La vanité la sauverait-elle ?

Haut.

Je m’en doute parbleu bien que c’est là ce que vous disiez à Maurice !... mais que répondait-il ?

MAURICE, très piqué.

Il répondait qu’il dispense madame la comtesse d’un aussi vif intérêt.

LE CHEVALIER.

Ah !

LA COMTESSE.

Quel est donc ce bruit ?

LE CHEVALIER.

Eh !... c’est mon neveu qui arrive.

LA COMTESSE.

Mon mari !...

Elle jette un regard dédaigneux à Maurice, et fait quelques pas vers le fond pour aller au-devant de son mari qui entre.

MAURICE, à part.

Comme mon amour révolte sa fierté !

 

 

Scène XIII

 

LA COMTESSE, LE COMTE, LE CHEVALIER, MAURICE, VILLAGEOIS, VALETS, quelques gardes nationaux ruraux

 

LE CHŒUR.

Air : Victoire ! victoire ! (fragment du final du premier acte de Diavolo).

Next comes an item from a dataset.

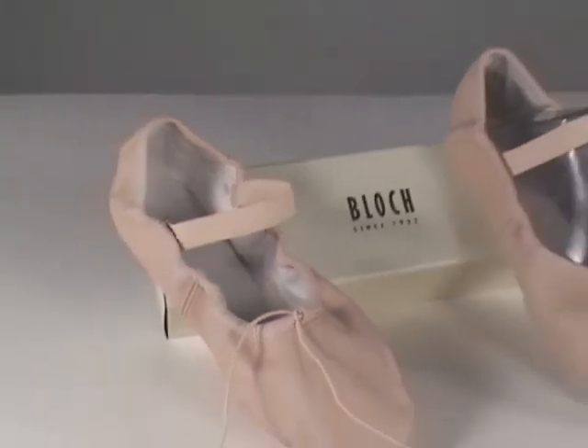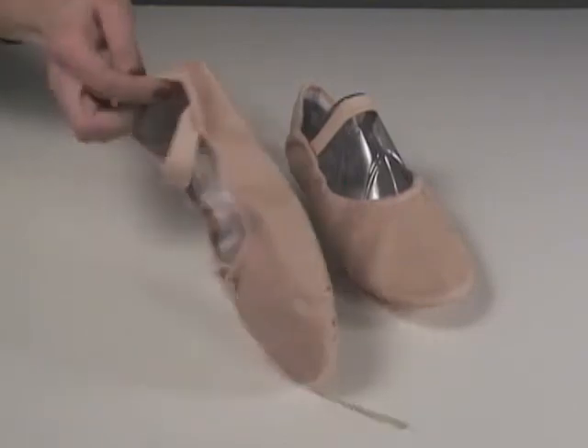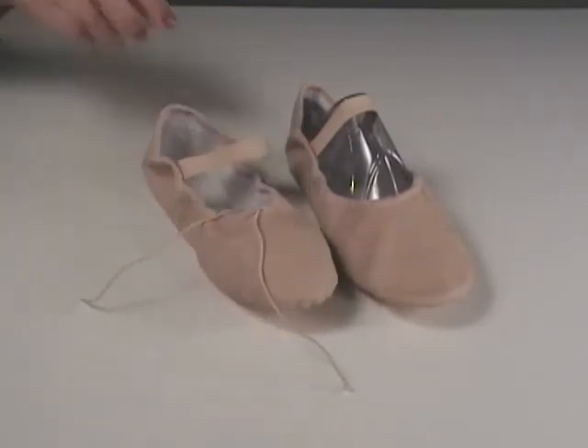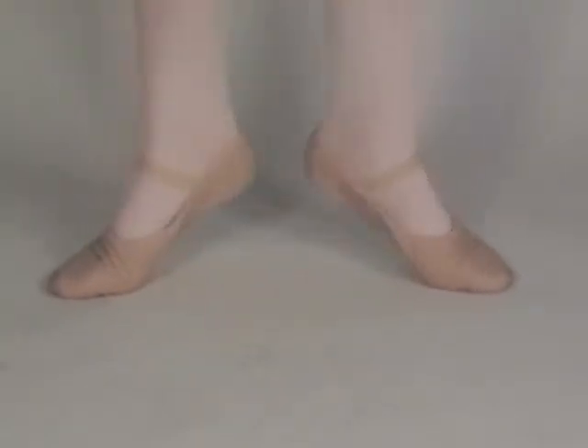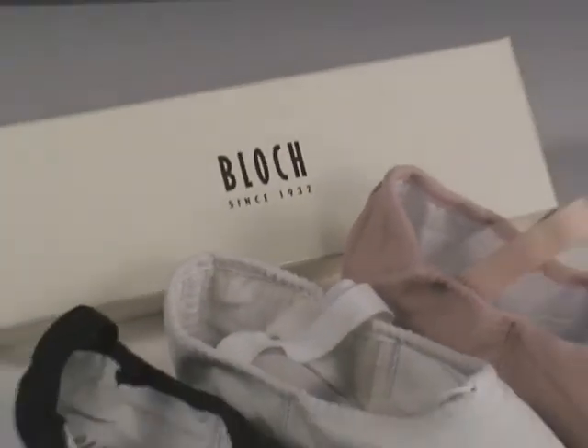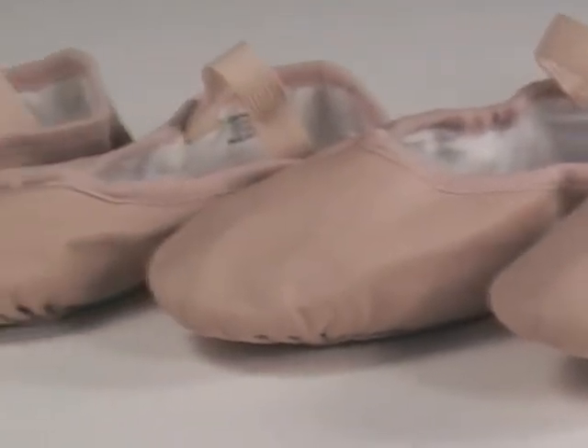Bloch Dance Off Full Sole Leather Ballet Shoe. The Dance Off is an ideal full sole student ballet shoe with the elastic already attached over the instep. It has a strong yet flexible upper and a cotton lining. Choose from three different colors: pink, white, and black. These shoes come in both adult and child sizes.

Pour le pays c’est une fête !
Not’ commandant est de retour ;
Il vient se r’mettre à notre tête :
Chantons, célébrons ce beau jour !

LE COMTE, aux villageois.

Oui, je m’en glorifie.

À la comtesse.

Eh bien ! ma chère amie,
Toujours aussi jolie ?

LA COMTESSE.

Vers vous, l’âme ravie,
J’avais couru vainement.

LE COMTE.

Quel aimable empressement !

LE CHŒUR.

Recevez not’ compliment !
Pour le pays, etc.

LE COMTE.

Ah ! voilà Maurice !... Diable ! il a maintenant une tournure d’élégant !

MAURICE.

Monsieur le comte se porte bien ?

LE COMTE.

À merveille...

À la comtesse.

Et vous aussi, ma chère amie ?... Vous avez, je le vois, supporté la solitude avec une admirable résignation... Eh bien ! je me fais une joie de vous en récompenser en vous ramenant au milieu des plaisirs de Paris.

LA COMTESSE.

Moi ?

MAURICE, à part.

Grand Dieu !

LE COMTE, à demi-voix à la comtesse et au chevalier.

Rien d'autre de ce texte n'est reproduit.